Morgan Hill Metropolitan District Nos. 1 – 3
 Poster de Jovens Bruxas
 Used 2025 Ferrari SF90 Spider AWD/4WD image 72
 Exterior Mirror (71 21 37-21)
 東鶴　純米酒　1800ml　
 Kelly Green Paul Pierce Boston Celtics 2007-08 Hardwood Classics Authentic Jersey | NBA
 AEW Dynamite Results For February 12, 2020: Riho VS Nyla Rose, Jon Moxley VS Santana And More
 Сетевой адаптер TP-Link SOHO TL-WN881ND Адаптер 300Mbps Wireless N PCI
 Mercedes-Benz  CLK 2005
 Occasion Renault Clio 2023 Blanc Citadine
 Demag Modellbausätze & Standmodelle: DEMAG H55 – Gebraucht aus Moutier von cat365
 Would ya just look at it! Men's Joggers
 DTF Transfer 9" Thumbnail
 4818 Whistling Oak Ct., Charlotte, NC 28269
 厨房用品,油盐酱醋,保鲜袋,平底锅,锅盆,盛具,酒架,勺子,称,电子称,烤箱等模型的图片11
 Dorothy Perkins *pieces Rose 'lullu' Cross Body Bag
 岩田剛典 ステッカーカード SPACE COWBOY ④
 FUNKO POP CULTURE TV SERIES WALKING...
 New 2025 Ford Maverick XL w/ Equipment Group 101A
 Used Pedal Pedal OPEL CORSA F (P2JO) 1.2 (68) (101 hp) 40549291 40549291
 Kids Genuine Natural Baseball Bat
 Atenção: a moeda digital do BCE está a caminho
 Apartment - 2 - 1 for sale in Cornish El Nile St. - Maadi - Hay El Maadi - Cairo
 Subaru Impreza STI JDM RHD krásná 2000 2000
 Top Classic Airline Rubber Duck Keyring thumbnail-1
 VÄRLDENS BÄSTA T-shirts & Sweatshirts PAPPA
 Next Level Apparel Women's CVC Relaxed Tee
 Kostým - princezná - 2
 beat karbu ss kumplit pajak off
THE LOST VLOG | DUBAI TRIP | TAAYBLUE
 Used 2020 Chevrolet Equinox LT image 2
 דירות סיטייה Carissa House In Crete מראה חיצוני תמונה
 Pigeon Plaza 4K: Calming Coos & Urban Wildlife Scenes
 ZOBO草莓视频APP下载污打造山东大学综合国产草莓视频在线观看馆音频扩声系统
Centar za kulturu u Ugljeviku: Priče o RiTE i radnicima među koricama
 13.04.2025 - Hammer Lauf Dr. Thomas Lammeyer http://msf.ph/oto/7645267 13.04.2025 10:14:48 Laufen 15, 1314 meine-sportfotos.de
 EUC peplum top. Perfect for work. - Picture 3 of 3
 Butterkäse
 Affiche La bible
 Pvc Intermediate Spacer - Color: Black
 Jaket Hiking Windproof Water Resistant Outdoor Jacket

-----

▶ To do:
Go through the material above and copy each line that holds the string "Rose".

▶ Solution to this task:
 AEW Dynamite Results For February 12, 2020: Riho VS Nyla Rose, Jon Moxley VS Santana And More
 Dorothy Perkins *pieces Rose 'lullu' Cross Body Bag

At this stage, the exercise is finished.